----- Task data -----

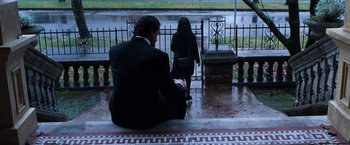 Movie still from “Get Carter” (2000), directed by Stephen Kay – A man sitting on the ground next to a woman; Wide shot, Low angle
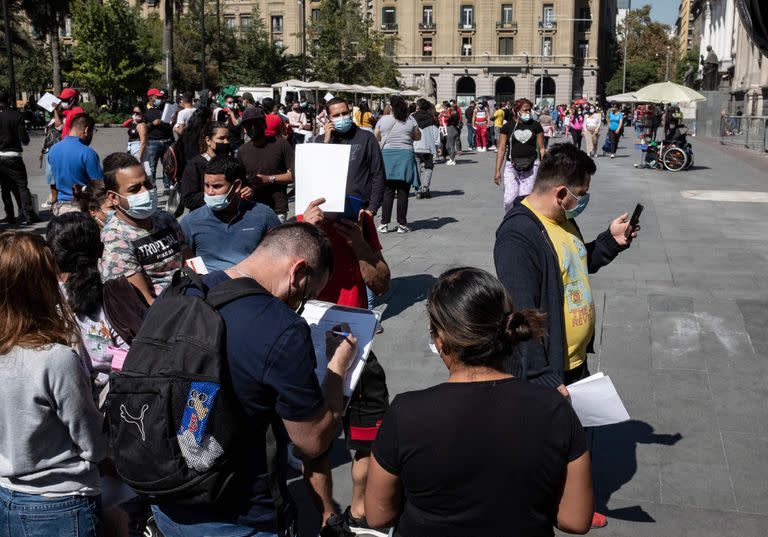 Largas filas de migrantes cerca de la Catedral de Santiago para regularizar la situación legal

-----
----- Task data -----

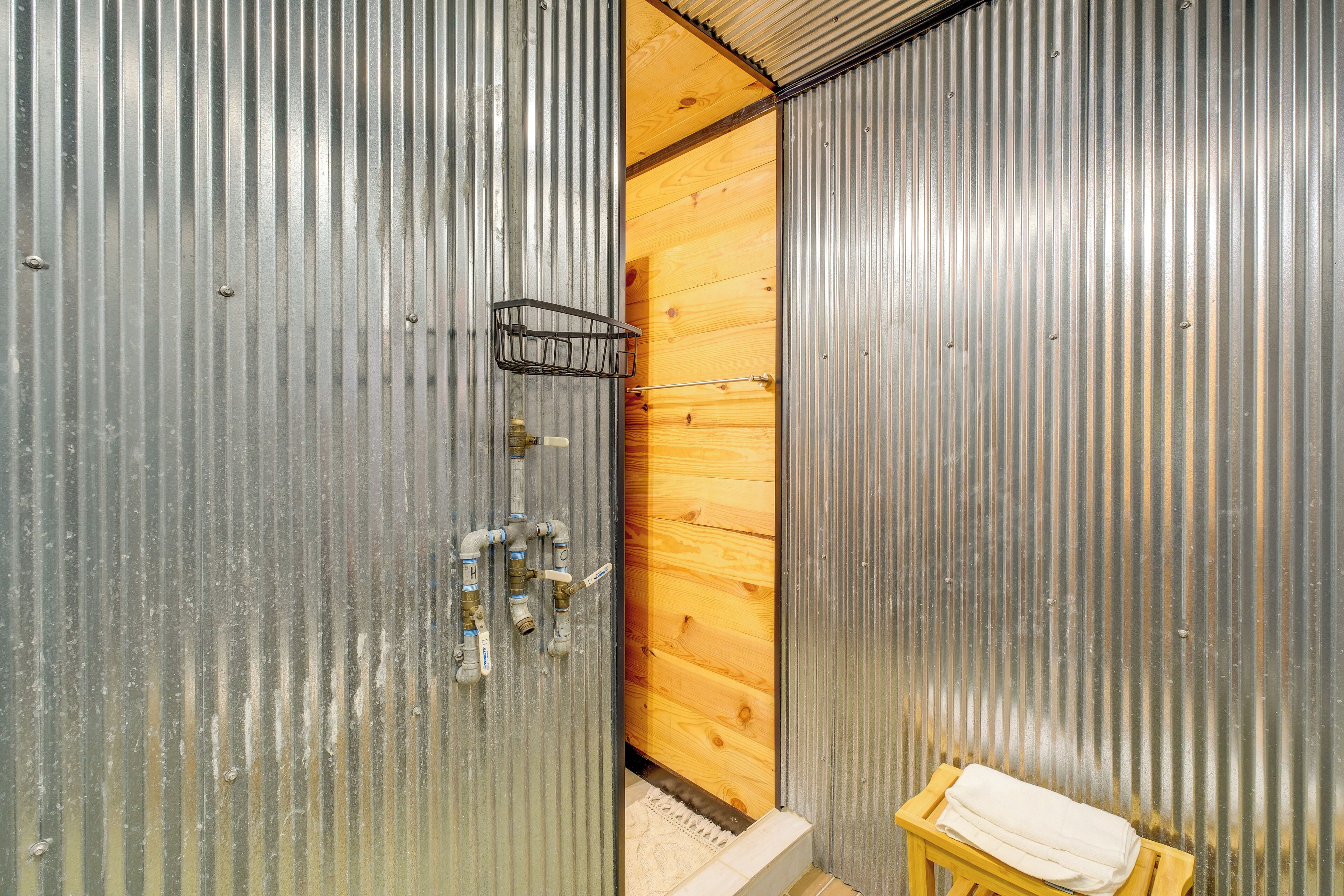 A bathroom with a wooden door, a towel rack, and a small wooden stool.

-----

Activity - Everything from the line above that contains "Movie still from" down to the line that contains "Largas filas de" must be reproduced exactly, both ends included. Omit the pictures.

Final answer -
 Movie still from “Get Carter” (2000), directed by Stephen Kay – A man sitting on the ground next to a woman; Wide shot, Low angle
 Largas filas de migrantes cerca de la Catedral de Santiago para regularizar la situación legal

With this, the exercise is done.